◆ RECORDS SUPPLIED
========================

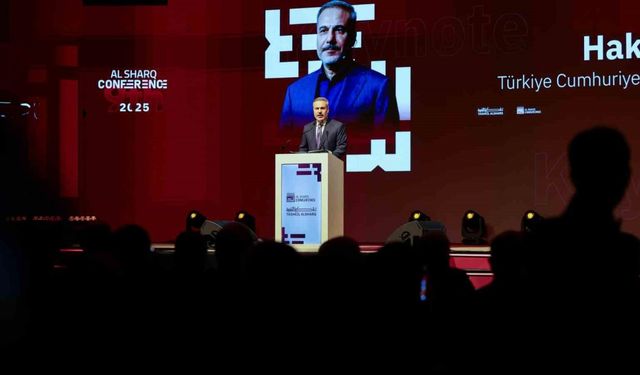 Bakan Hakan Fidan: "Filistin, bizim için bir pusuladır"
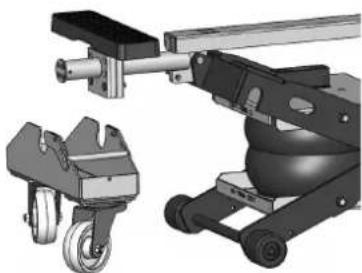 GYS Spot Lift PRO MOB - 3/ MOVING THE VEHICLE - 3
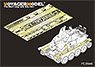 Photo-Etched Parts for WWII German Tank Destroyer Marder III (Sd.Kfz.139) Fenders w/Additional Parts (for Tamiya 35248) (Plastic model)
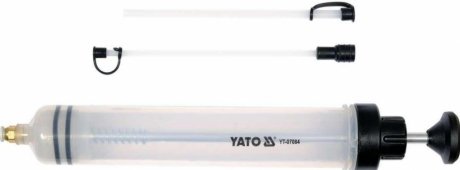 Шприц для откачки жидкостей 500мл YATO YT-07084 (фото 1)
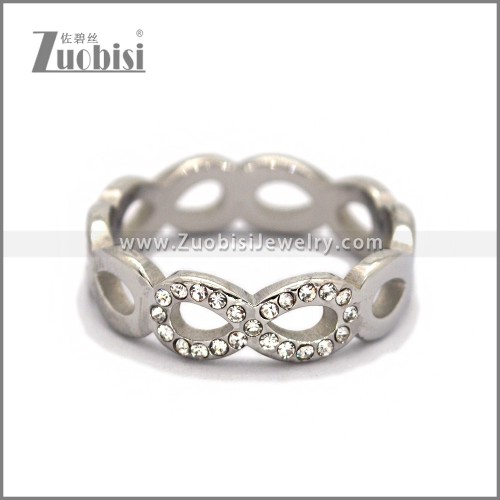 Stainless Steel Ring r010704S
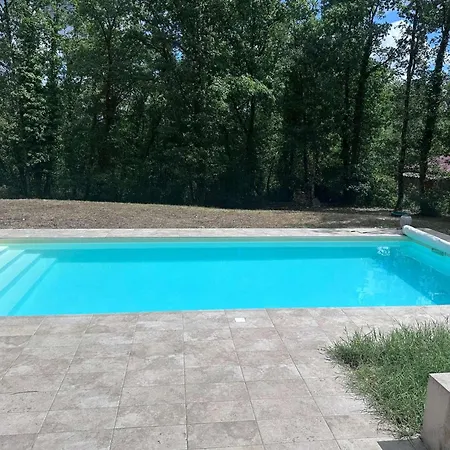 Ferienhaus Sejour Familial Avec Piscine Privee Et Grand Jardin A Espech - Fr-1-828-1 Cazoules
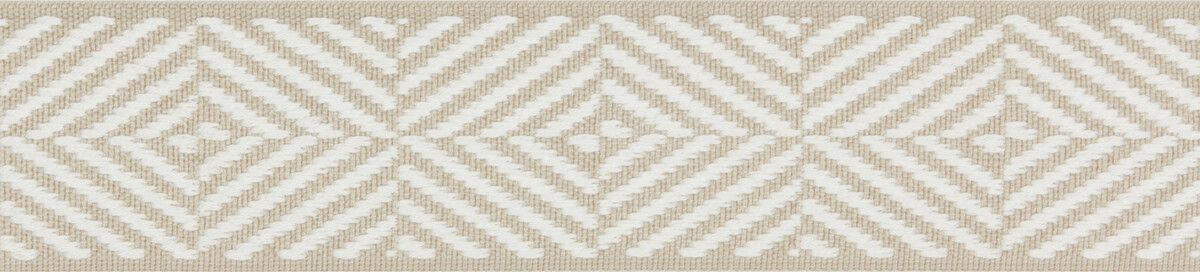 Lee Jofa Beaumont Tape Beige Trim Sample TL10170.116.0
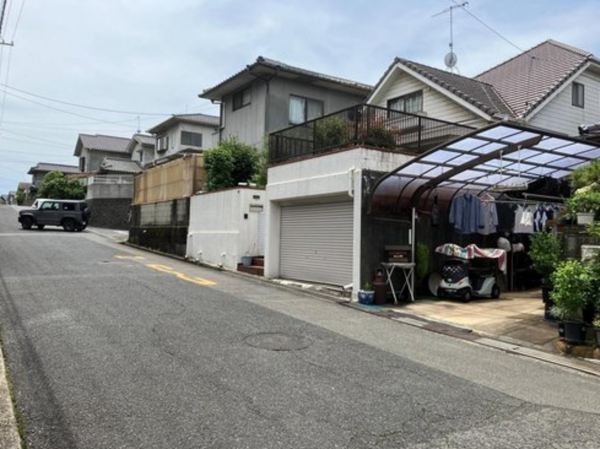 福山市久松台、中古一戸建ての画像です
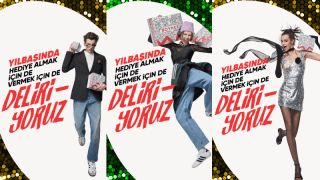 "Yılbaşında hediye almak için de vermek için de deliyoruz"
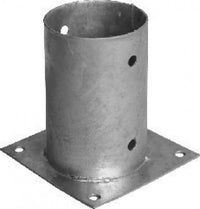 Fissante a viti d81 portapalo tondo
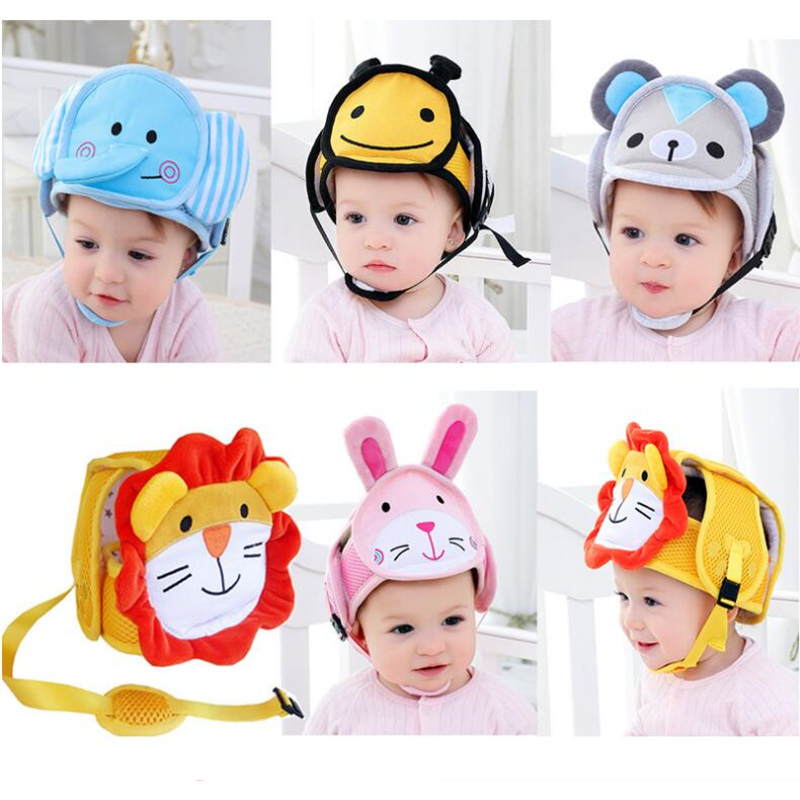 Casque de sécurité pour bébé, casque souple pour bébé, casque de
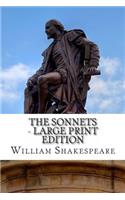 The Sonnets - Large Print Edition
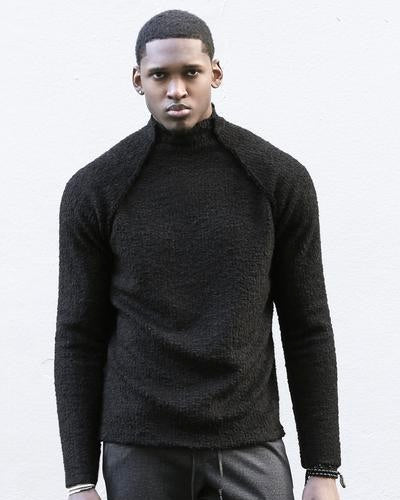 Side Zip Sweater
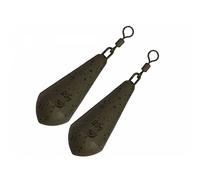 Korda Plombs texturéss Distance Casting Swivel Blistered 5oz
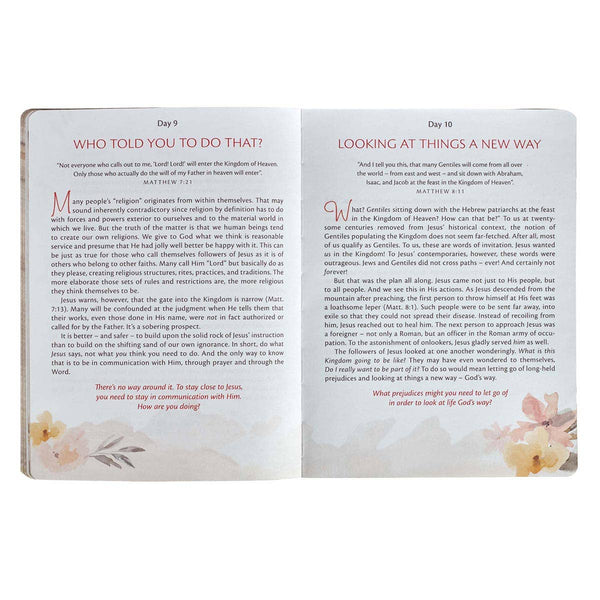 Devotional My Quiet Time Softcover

========================

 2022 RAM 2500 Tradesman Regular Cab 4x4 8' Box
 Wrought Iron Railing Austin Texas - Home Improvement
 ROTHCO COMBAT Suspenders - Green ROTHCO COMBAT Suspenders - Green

========================

◆ AIM OF THE TASK
Although pictures appear among the entries, please set down only the lines from the one with "Ferienhaus Sejour Familial" up to and including the one with "Devotional My Quiet Time Softcover", word for word.

◆ SOLUTION
 Ferienhaus Sejour Familial Avec Piscine Privee Et Grand Jardin A Espech - Fr-1-828-1 Cazoules
 Lee Jofa Beaumont Tape Beige Trim Sample TL10170.116.0
 福山市久松台、中古一戸建ての画像です
 "Yılbaşında hediye almak için de vermek için de deliyoruz"
 Fissante a viti d81 portapalo tondo
 Casque de sécurité pour bébé, casque souple pour bébé, casque de
 The Sonnets - Large Print Edition
 Side Zip Sweater
 Korda Plombs texturéss Distance Casting Swivel Blistered 5oz
 Devotional My Quiet Time Softcover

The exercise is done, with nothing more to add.